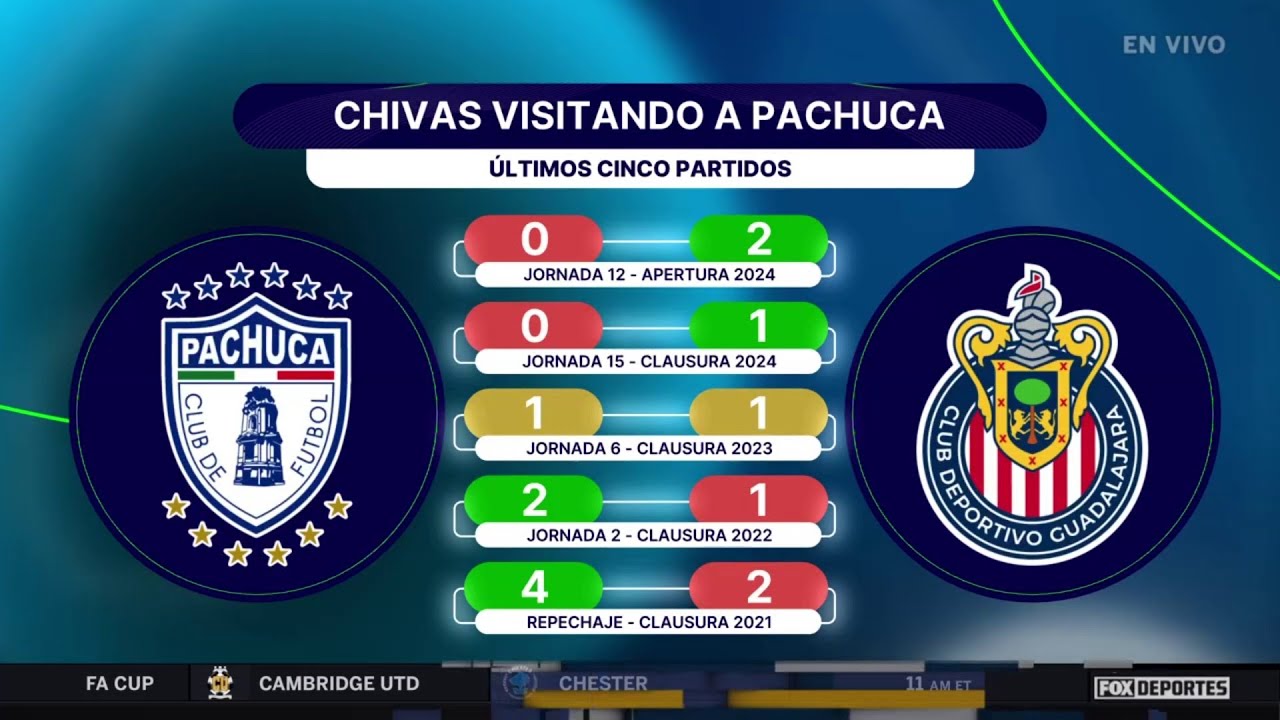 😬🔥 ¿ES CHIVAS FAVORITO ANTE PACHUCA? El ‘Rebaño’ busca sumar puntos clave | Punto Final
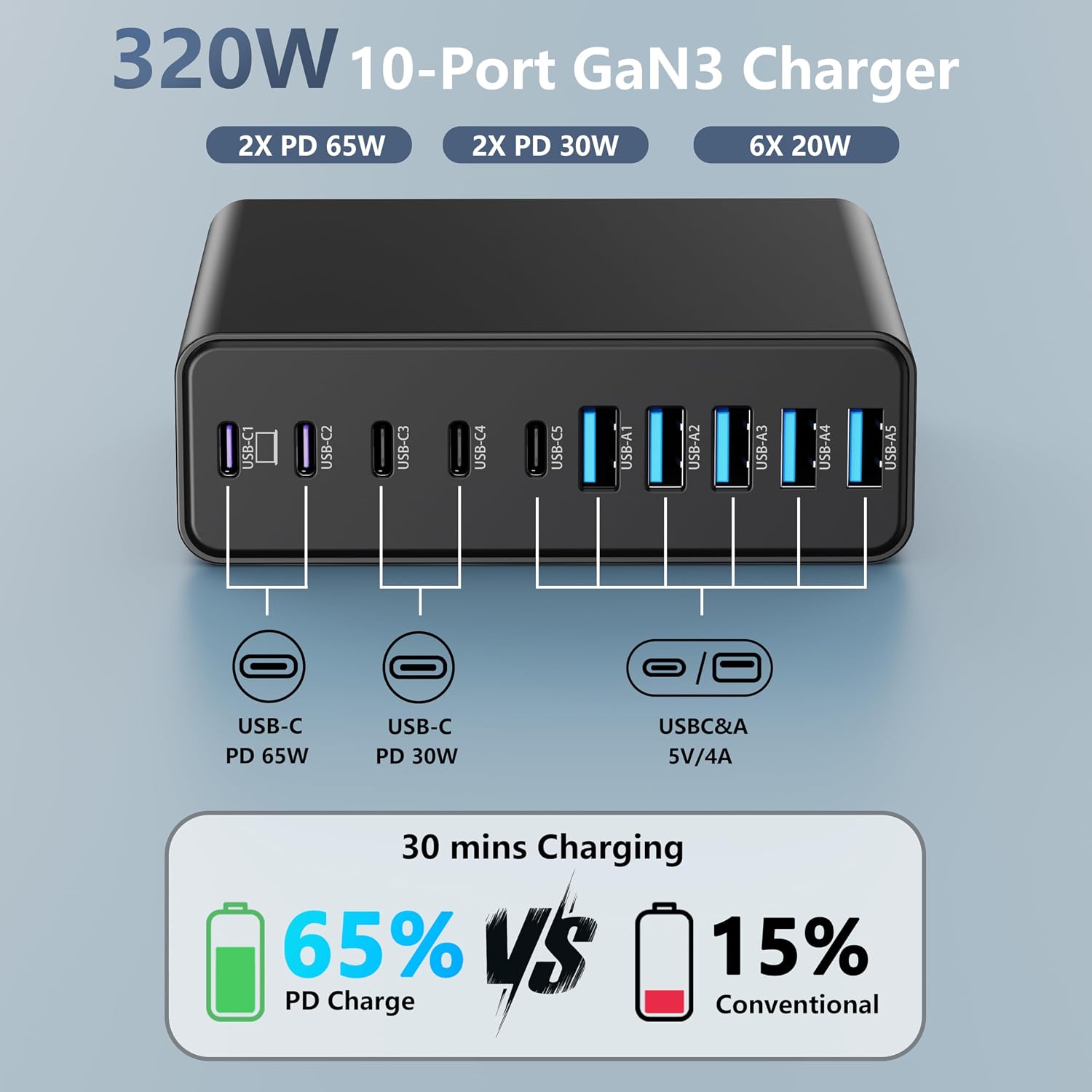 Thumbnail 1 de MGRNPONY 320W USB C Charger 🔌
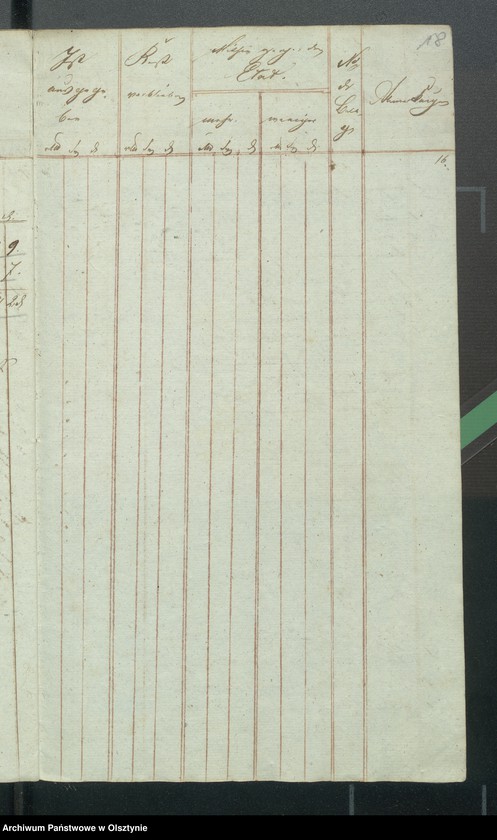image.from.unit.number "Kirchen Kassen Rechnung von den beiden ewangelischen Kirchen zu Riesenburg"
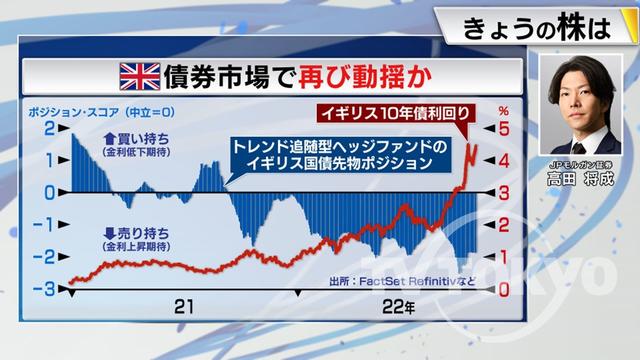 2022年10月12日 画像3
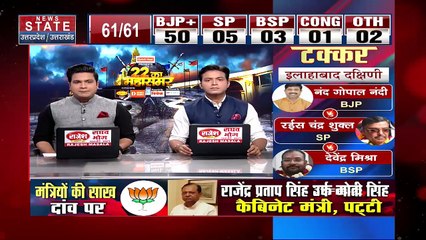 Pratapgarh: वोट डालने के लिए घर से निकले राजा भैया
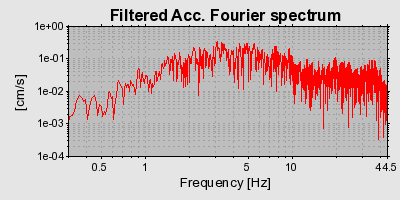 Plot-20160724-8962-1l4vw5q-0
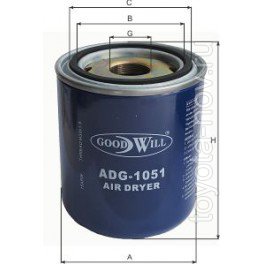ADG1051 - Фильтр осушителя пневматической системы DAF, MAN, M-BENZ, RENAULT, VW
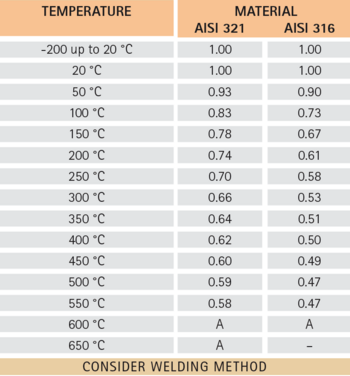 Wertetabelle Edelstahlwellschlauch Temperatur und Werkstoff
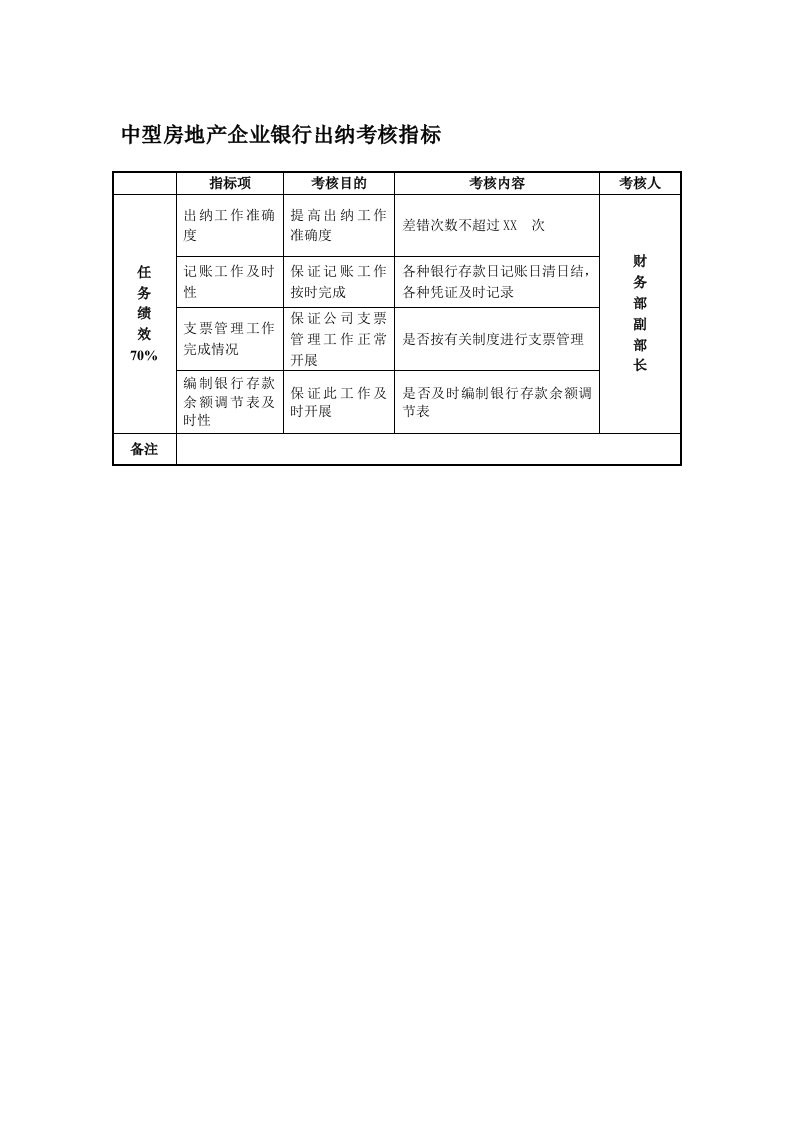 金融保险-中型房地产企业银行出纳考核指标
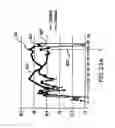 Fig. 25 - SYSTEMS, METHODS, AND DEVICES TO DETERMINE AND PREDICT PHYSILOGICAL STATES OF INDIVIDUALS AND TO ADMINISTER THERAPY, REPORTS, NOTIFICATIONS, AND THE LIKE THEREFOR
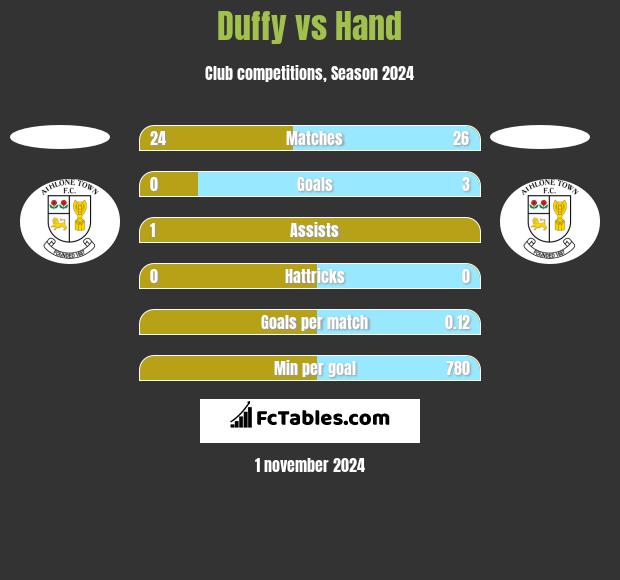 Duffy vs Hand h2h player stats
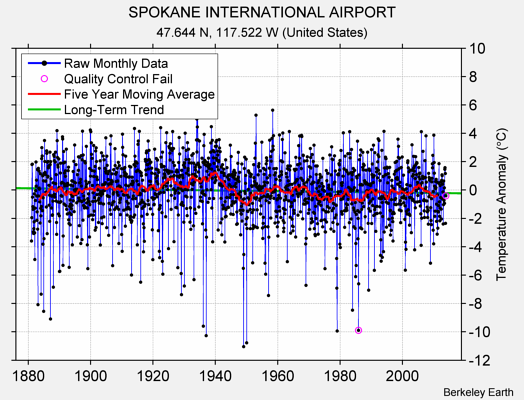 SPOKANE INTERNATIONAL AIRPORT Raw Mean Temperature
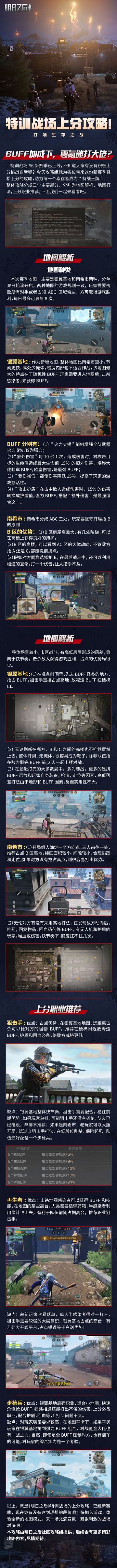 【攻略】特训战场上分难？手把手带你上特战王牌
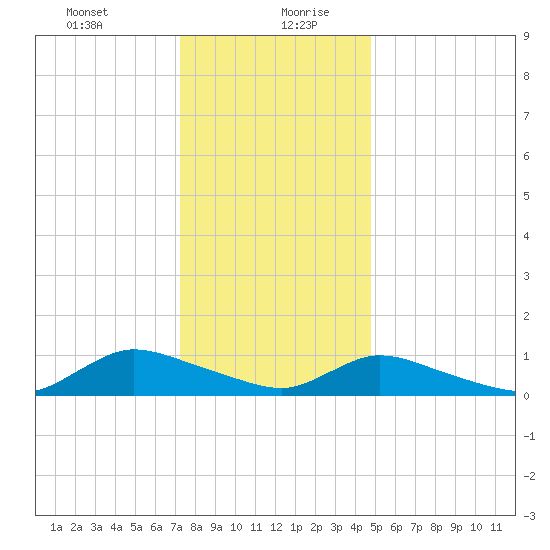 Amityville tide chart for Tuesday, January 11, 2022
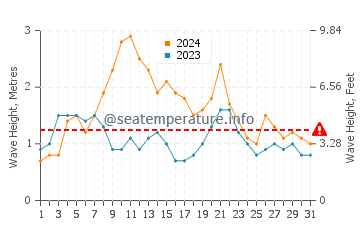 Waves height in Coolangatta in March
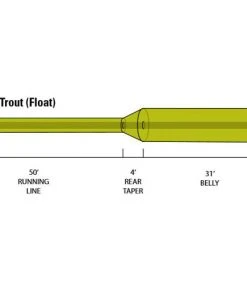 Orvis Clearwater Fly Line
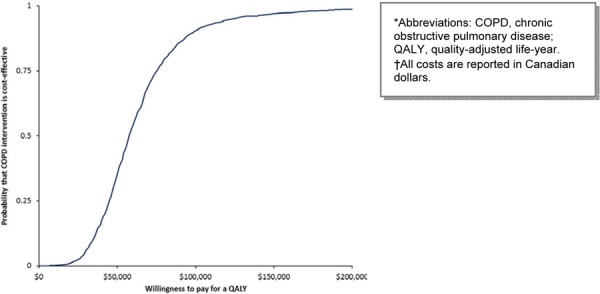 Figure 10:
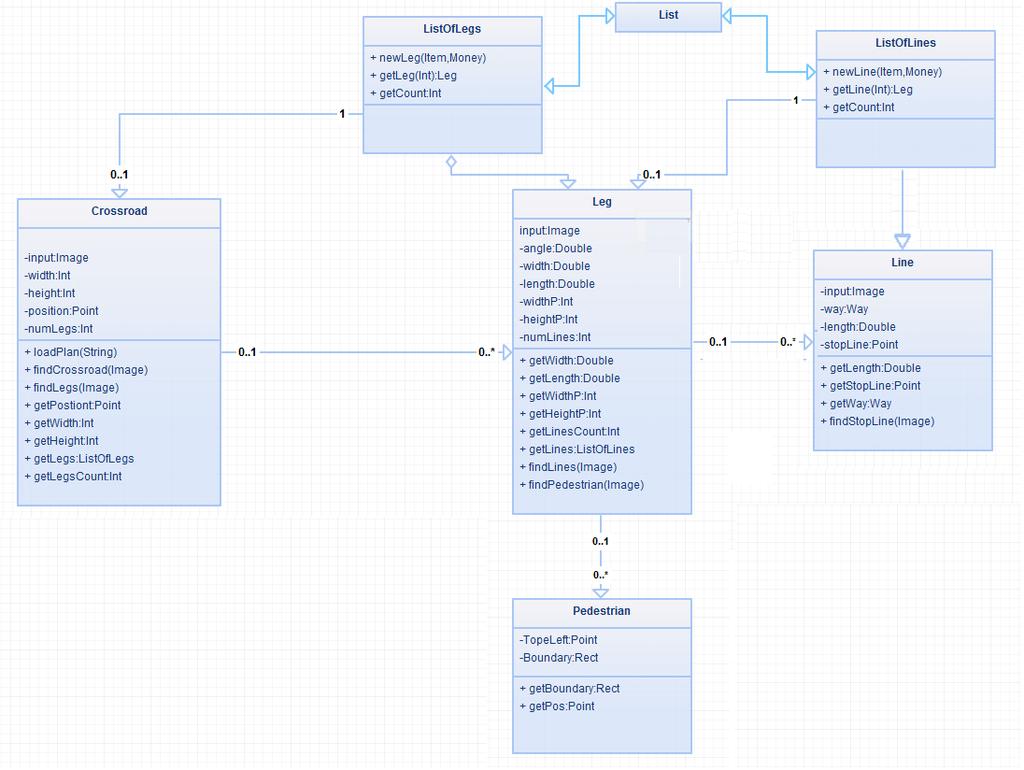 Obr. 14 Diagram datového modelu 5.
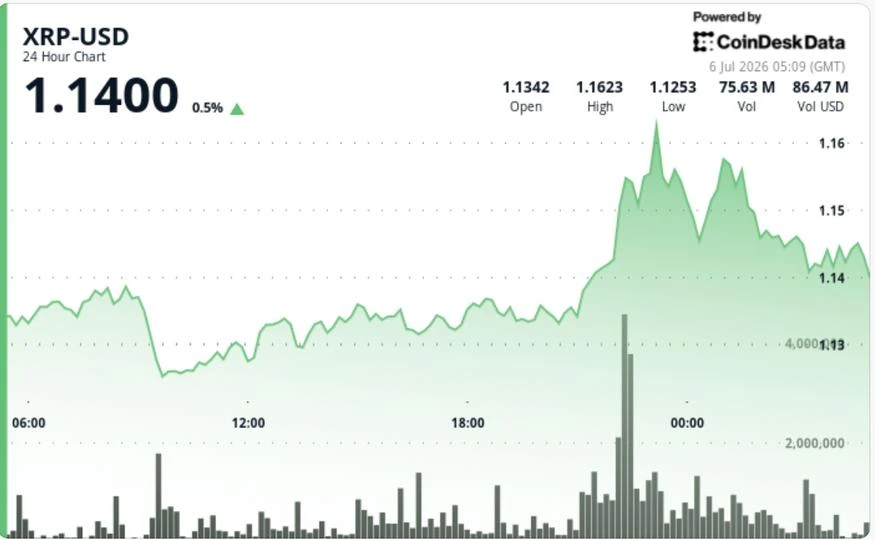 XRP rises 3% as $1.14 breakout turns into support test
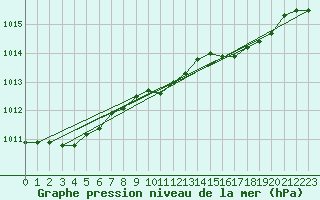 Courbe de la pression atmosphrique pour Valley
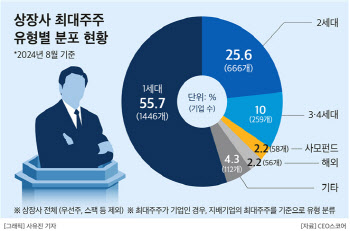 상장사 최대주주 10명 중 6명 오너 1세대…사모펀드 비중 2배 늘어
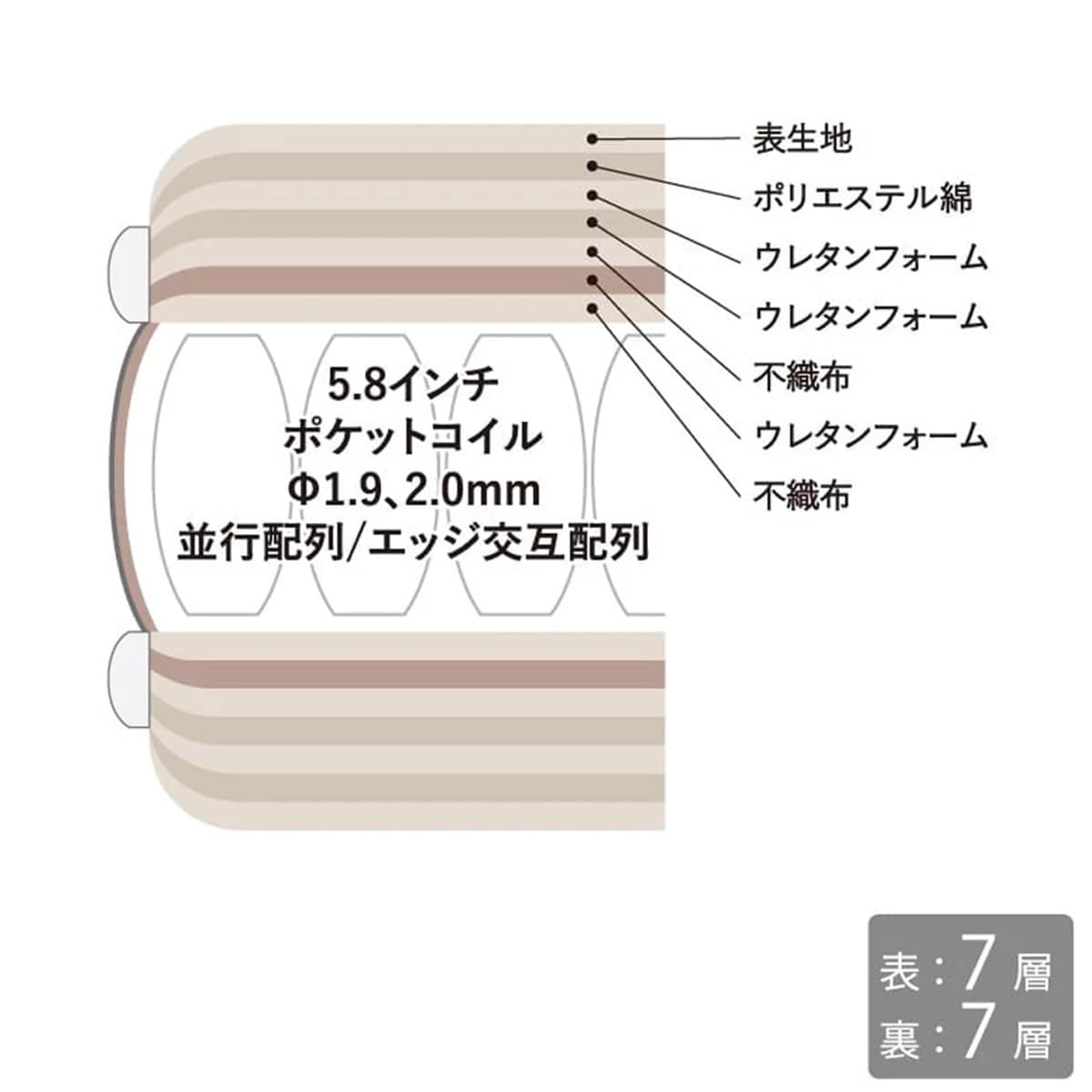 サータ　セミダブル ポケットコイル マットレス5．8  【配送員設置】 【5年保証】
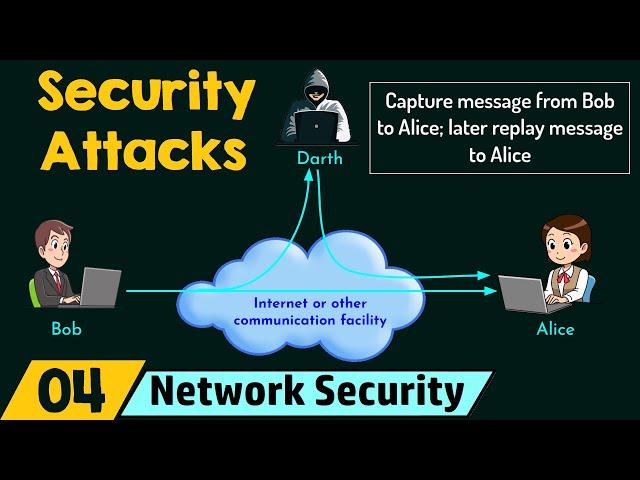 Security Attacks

> **PROBLEM DETAILS**
Your answer must be a verbatim copy of the entries above, with no images included.

> **SOLUTION TO THE EXERCISE**
 😬🔥 ¿ES CHIVAS FAVORITO ANTE PACHUCA? El ‘Rebaño’ busca sumar puntos clave | Punto Final
 Thumbnail 1 de MGRNPONY 320W USB C Charger 🔌
image.from.unit.number "Kirchen Kassen Rechnung von den beiden ewangelischen Kirchen zu Riesenburg"
 2022年10月12日 画像3
 Pratapgarh: वोट डालने के लिए घर से निकले राजा भैया
 Plot-20160724-8962-1l4vw5q-0
ADG1051 - Фильтр осушителя пневматической системы DAF, MAN, M-BENZ, RENAULT, VW
 Wertetabelle Edelstahlwellschlauch Temperatur und Werkstoff
 金融保险-中型房地产企业银行出纳考核指标
 Fig. 25 - SYSTEMS, METHODS, AND DEVICES TO DETERMINE AND PREDICT PHYSILOGICAL STATES OF INDIVIDUALS AND TO ADMINISTER THERAPY, REPORTS, NOTIFICATIONS, AND THE LIKE THEREFOR
 Duffy vs Hand h2h player stats
 SPOKANE INTERNATIONAL AIRPORT Raw Mean Temperature
 【攻略】特训战场上分难？手把手带你上特战王牌
 Amityville tide chart for Tuesday, January 11, 2022
 Waves height in Coolangatta in March
 Orvis Clearwater Fly Line
 Figure 10:
 Obr. 14 Diagram datového modelu 5.
 XRP rises 3% as $1.14 breakout turns into support test
 Courbe de la pression atmosphrique pour Valley
 상장사 최대주주 10명 중 6명 오너 1세대…사모펀드 비중 2배 늘어
 サータ　セミダブル ポケットコイル マットレス5．8  【配送員設置】 【5年保証】
 Security Attacks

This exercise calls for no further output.